Nipradilol, a new β-blocker with vasodilatory properties, in experimental portal hypertension: A comparative haemodynamic study with propranolol

The haemodynamic effects of nipradilol, a new non-selective β-adrenoreceptor blocker with vasodilating actions like nitroglycerin, were examined in rats with portal hypertension due to portal vein stenosis. Portal hypertensive rats were divided into five groups receiving infusion of placebo, 3 mg of propranolol, 300, 600 and 1200 μg of nipradilol. At its highest dose, nipradilol achieved a reduction of 34.4 ± 4.4% in heart rate which was similar to that in the propranolol group (36.5 ± 2.4%). Also for other systemic haemodynamic parameters, the nipradilol 1200 μg group exhibited changes not significantly different from those in the propranolol group; mean arterial pressure (- 13 vs - 14%), cardiac index (- 37 vs - 31%) and systemic vascular resistance (+ 29 vs+ 32%). In contrast to the similar changes in the systemic circulation, a 1200 μg dose of nipradilol lowered portal pressure significantly more than propranolol (- 4.3 ± 0.6 vs - 2.9 ± 0.2 mmHg, P≤ 0.05).
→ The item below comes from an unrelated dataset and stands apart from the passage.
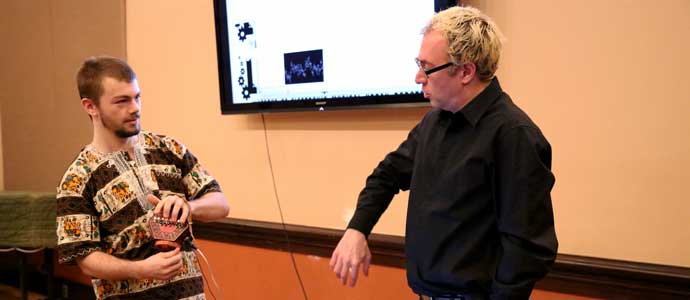 A student and a visiting artist talk in a music class.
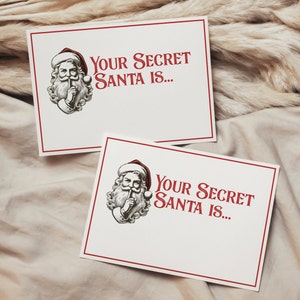 May include: Two white cards with red borders and a black and white illustration of Santa Claus with his finger to his lips. The text on the cards reads "Your Secret Santa is..."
Nipradilol then reduced portal blood flow by 22% (P≤ 0.05) without a significant change in portocollateral resistance. On the other hand, propranolol not only caused a reduction in portal blood flow of 30% (P≤ 0.01), but also an increase in portocollateral resistance of 21% (P≤ 0.05). The results suggest that nipradilol may ensure a more effective control of portal hypertension than propranolol, presumably via its venodilatory action on portocollateral vessels.